After all, a gigantic black bear had visited our carport the previous two nights. What if "Blarney the Bear," as Stanley kept calling him, dropped by for his customary appetizer plate of half-eaten corn cobs and rib bones and found fragrant canine senior citizen Molly cringing in the dark?

Good God, if I'd ever imagined I was going to be living in a 1960s episode of the Wonderful World of Disney I would never have moved to North Van. Even before the skunk attack, after the bear's delight in our leftovers had made itself apparent, Stanley had begun wandering around the house imitating the folksy drawl of the classic Disney nature story narrator.

"Now, Blarney the Bear had no idea there was a big ol' dog in the yard . . . and an even bigger skunk under that dilapidated porch," Stanley would mutter to himself, chuckling. "And wouldn't you know it, the berries by the porch had gotten ripe juuuusst that week, and that big bear was feelin' mighty hungry. Well, Blarney decided to go a-pickin' right when Skunky had just about the same idea. . . ." And on and on.

(In this sort of situation, I generally try to recall a moment in my life when I did something sophisticated. This week, as Stanley mumbled away about ol' Blarney goin' berry pickin', I conjured up a memory of a visit to New York's Metropolitan Museum of Art, which smelled only of marble and rich people. After my visit, I had a cocktail in a dark bar nearby, and some free nuts. Those were the days.)

Ah, well. I shouldn't have been surprised by the skunking. I don't know about bears, but skunks are in my blood. Long ago we had them living under our garage in Ottawa. My dad called in the professionals, who made a trail of food that led into a trap that was covered with a tarp. The next morning, Dad could hear rustling and scuttling in the trap and couldn't resist a peek under the tarp just before he departed for work. Needless to say, the skunks were two squirts ahead of him. My poor father dropped the tarp and dashed into the house, which my mother did not appreciate. Once inside, he turned on the shower and jumped in, fully dressed in suit, tie, socks and shoes.

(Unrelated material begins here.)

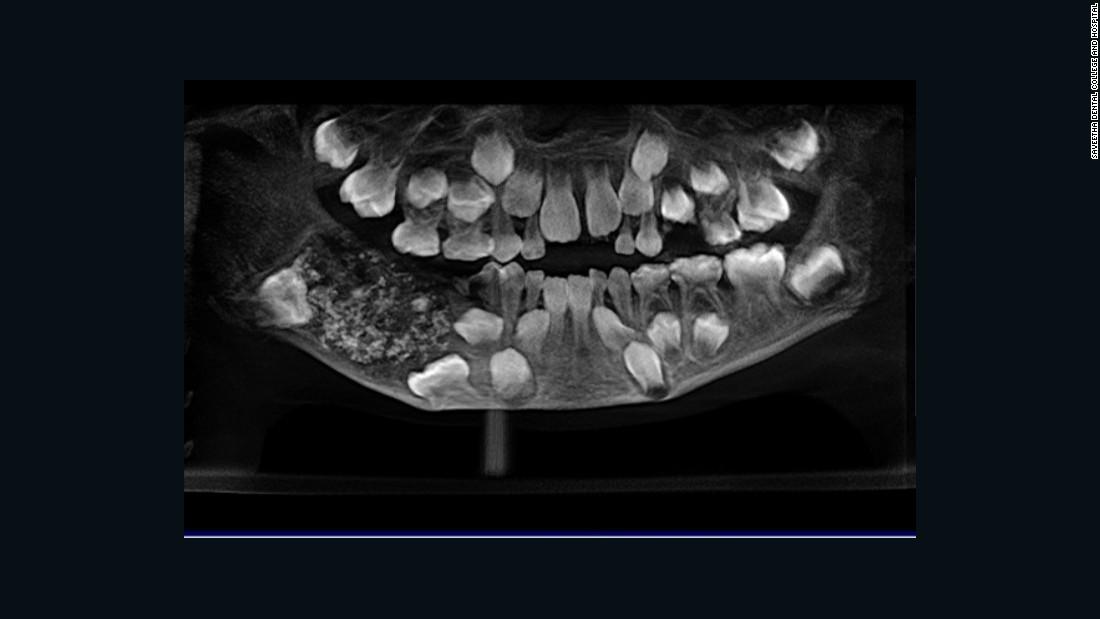 Doctors Find 526 Teeth In Boy S Mouth In India Cnn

After our resident skunk reads this column, I suppose I'll be his next target. But I now have a strategy. As the stream of liquid stink, in slow motion, flies my way, I will close my eyes and remember the first time I went to New York's Museum of Modern Art. Once again, I'll sit in the room lined with Claude Monet's giant, glorious paintings of the water lilies at Giverny. And I'll probably think, "I'll bet Monet never had skunks."